Congradulations on the Aurender. It is a truly high end streamer. If you want to give your analog rig a better run for it’s money it will probably take a different DAC. The streamer is probably capable of getting really really close. .
Aurender N20 Streamer & Holo May DAC vs Analog
A couple of caveats..
1. My retail analog system is 2x $ of my digital.
2. Power cable to phono preamp > to Aurender
3. Analog signal interconnects $$$>$ digital cables.
Analog is much more musical with regards to tonality, airy soundstage with great imaging, detail, impact .. in every way.

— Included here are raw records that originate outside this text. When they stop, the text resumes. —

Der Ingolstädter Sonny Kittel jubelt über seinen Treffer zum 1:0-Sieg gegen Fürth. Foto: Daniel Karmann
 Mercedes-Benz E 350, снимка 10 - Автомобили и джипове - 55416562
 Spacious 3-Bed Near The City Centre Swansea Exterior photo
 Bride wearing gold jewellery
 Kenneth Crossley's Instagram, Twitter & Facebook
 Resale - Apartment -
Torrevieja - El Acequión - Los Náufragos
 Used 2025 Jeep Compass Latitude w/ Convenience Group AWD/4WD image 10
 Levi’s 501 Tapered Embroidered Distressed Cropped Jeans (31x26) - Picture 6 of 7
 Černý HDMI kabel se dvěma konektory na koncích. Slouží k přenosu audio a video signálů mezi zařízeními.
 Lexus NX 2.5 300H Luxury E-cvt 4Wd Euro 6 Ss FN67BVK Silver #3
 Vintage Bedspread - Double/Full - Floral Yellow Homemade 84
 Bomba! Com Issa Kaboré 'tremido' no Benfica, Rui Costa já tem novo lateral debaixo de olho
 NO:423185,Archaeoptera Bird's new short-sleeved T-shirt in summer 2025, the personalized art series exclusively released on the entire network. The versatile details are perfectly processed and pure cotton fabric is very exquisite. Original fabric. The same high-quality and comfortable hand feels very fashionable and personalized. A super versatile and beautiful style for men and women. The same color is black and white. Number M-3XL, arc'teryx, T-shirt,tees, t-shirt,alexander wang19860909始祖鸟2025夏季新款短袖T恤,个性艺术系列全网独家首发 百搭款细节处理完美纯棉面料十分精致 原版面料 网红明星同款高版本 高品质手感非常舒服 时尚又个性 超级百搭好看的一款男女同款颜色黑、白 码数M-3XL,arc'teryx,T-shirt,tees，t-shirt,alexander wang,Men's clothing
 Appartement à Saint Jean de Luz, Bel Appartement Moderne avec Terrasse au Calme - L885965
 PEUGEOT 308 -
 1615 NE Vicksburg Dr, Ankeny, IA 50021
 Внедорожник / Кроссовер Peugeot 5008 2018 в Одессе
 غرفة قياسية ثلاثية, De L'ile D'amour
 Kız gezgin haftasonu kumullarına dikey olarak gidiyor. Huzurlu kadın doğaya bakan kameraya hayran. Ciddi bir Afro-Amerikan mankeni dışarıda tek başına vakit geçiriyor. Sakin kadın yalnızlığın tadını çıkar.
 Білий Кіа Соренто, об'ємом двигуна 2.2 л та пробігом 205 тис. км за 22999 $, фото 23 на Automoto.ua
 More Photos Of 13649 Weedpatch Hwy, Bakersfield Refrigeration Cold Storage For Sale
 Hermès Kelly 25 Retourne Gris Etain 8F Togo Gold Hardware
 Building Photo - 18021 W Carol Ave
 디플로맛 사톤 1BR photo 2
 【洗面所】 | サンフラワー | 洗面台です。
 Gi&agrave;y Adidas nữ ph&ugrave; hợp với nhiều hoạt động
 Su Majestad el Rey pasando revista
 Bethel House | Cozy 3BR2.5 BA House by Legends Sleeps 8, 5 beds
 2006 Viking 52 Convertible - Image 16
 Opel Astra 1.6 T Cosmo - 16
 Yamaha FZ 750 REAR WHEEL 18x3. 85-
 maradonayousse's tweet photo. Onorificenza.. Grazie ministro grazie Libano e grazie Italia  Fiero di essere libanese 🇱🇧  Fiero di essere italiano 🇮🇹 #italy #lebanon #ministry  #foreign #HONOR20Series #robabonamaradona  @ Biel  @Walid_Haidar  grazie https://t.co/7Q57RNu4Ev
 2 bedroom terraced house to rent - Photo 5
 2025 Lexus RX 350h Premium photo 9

Aurender/May DAC USB vs AES/EBU is source dependent and I haven’t figured this out completely, but CD likes AES with upscaling. Most other sources benefit from USB with regards to imaging, airy presentation and detail/tonality. Still early, but, for example, playing “Friday Night In San Francisco” these differences were quite apparent with Qobuz 176/24. I was definitely favoring USB, but Analog was so much more of everything and much more involving. Analog was amazing.
Aurender is major upgrade from iFi Zen Stream with their best power supply and fiber optic Ethernet isolation.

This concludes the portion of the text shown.